Oh, who am I kidding. It was because of that Seinfeld episode.
posted by rory at 5:26 AM on September 12, 2003


the article seems a bit of a thin excuse for the discussion, Miguel
You're beginning to grasp the essence of Miguelismo, BT. And what you say is very true:
the thing about pretending to like things is that it is often the best way to come to truly appreciate things

Great post, Miguel. Haven't read the article yet... but great post.
I guess it's not about the links, it's about the Miguelismo.

Miguel, if you genuinely find Proust boring, I feel sorry for you and wonder about your writing. (I feel sorry for you for not appreciating Mozart, too, but at least you're not a composer.)
posted by languagehat at 7:37 AM on September 12, 2003


I guess it's not about the links, it's about the Miguelismo.

Ahhh, my dear languagehat, you misunderstand my complex relationship with the Miguel...is...hmm.

It's a good post. It brought a link to the table, raised an interesting question in an amusing way which was bound to stimulate discussion (and friendly disagreement, as opposed to the unfriendly disagreement we've had enough of this past week), and has indeed provoked some good responses.

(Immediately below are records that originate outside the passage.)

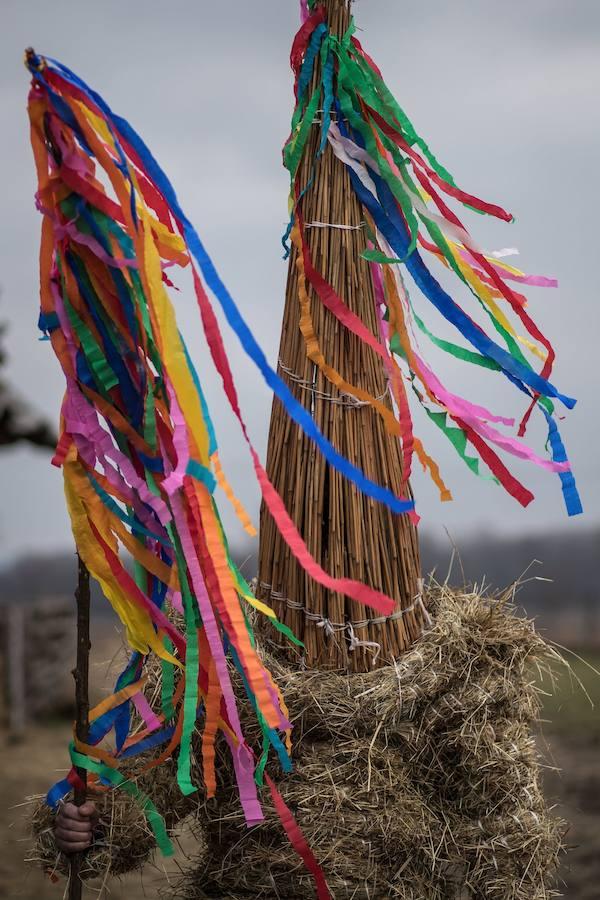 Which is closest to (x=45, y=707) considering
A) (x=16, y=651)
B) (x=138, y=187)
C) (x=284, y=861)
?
(x=16, y=651)

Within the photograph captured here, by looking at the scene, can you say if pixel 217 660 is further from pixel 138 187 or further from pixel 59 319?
pixel 138 187

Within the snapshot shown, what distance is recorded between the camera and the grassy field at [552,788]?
339 centimetres

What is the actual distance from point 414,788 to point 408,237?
1.13 metres

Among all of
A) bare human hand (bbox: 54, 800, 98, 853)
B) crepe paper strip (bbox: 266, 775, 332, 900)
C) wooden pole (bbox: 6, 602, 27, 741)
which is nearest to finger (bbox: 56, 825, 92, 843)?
bare human hand (bbox: 54, 800, 98, 853)

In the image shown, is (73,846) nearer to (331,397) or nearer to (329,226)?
(331,397)

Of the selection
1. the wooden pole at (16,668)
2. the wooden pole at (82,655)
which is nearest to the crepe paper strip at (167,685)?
the wooden pole at (82,655)

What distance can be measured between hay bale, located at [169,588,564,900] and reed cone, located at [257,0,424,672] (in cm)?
9

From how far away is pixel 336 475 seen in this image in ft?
6.84

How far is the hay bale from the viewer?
200cm

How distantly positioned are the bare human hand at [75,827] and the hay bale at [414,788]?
23 cm

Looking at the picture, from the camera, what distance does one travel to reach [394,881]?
2031 mm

Okay, 'great' was a tad hyperbolic. I enjoyed it, that's all. Wasn't suggesting that composing posts for MeFi compares with, say, Proust, or Mozart. (Well, Mozart. I've never got past picking up Swann's Way, contemplating the number of pages in it and its successors, and deciding that I can wait a while yet, so offer no verdict on Proust.)
posted by rory at 7:59 AM on September 12, 2003


Sorry about the busted link to MOMA's site and the Demoiselles d'Avignon. It was late, and I didn't check the URL closely in preview. And thanks for the fix, mjj.

And arto, thanks for the phrase, "lysergic futurism," which I will have to make good use of in future discussions of...oh, something.
posted by BT at 11:56 AM on September 12, 2003


the films of Eisenstein; Syberberg or Jean-Marie Straub and Danielle Huillet; the writings of Kierkegaard, Proust, Musil, Robbe-Grillet or Michel Butor; the artworks of Joseph Beuys, Frank Stella or Morris Louis; the music of Ligeti, Stockhausen, Xenakis or Luigi Nono.

danielle huillet! oh yeah bayby! i love that spread she did for guccione. show me the puppies, danny! arf! hubba hubba! now, what the fuck where you going on about miguel?
posted by quonsar at 12:08 PM on September 12, 2003


rory: I knew what you meant—just couldn't resist the opportunity for a snark. MeFitis strikes again.
posted by languagehat at 12:19 PM on September 12, 2003


Xenakis is probably an alien.

and this post is masturbation.
posted by rhyax at 6:11 PM on September 12, 2003


I'm pretty sure those Africans were onto something about Hamlet.